Sans Superellipse Wubo 11 is a very bold, very wide, medium contrast, upright, tall x-height font visually similar to 'PODIUM Sharp' by Machalski (names referenced only for comparison).
Keywords: headlines, posters, branding, packaging, logos, playful, retro, chunky, friendly, cartoonish, impact, playfulness, retro appeal, logo readiness, rounded, blocky, soft corners, compressed counters, ink-trap feel.
A heavy, rounded display sans built from squarish curves and softened corners, giving letters a superelliptical, padded silhouette. Strokes are broad and fairly even, with tight internal counters and compact apertures that emphasize mass over delicacy. Many joins and terminals show subtle notches and cut-ins that read like ink-trap-inspired shaping, adding texture and a slightly engineered rhythm. Uppercase forms are wide and sturdy, while lowercase keeps a large body and simple construction, producing a dense, high-impact texture in words and lines.
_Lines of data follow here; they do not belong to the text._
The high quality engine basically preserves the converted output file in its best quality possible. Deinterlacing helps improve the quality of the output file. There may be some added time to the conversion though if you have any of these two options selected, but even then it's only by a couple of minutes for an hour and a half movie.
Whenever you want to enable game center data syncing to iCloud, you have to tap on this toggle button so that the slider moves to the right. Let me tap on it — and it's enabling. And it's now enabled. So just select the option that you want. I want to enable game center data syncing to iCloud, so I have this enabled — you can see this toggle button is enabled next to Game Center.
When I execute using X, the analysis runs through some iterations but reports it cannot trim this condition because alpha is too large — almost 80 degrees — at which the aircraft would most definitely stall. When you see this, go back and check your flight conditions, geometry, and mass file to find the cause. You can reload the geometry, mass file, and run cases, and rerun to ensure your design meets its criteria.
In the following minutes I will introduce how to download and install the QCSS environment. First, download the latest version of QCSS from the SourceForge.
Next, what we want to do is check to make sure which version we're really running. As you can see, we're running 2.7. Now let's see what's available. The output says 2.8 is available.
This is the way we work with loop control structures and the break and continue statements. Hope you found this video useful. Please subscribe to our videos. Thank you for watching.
Best suited to display settings such as posters, large headlines, brand marks, and packaging where strong silhouette and high contrast against the background matter most. It also fits playful UI moments (badges, titles, splash screens) and short, punchy phrases where its dense texture remains readable.
The overall tone is bold and upbeat with a retro, arcade-to-toybox energy. Its chunky forms and rounded rectangles feel friendly and approachable, with a hint of comic exuberance that makes headlines feel loud, fun, and confident.
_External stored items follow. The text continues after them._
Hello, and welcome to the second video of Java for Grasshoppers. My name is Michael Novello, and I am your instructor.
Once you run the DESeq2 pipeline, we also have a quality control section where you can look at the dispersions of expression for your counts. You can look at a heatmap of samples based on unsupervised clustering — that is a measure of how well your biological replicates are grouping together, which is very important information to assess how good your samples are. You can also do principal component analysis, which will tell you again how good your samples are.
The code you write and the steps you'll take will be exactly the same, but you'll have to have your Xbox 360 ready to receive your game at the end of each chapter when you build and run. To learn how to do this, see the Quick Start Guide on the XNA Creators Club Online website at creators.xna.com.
The design appears intended to deliver maximum visual impact through wide, rounded geometry and compact counters, while adding character via small cut-ins that keep the shapes from feeling purely monolithic. It aims for a friendly, retro-leaning display voice that stays legible in bold, attention-grabbing applications.
The figures are equally robust and geometric, with a squared-off, rounded-rectangle logic that matches the letterforms. At smaller sizes the tight counters and heavy weight can fill in visually, while at large sizes the notches and softened corners become a defining stylistic signature.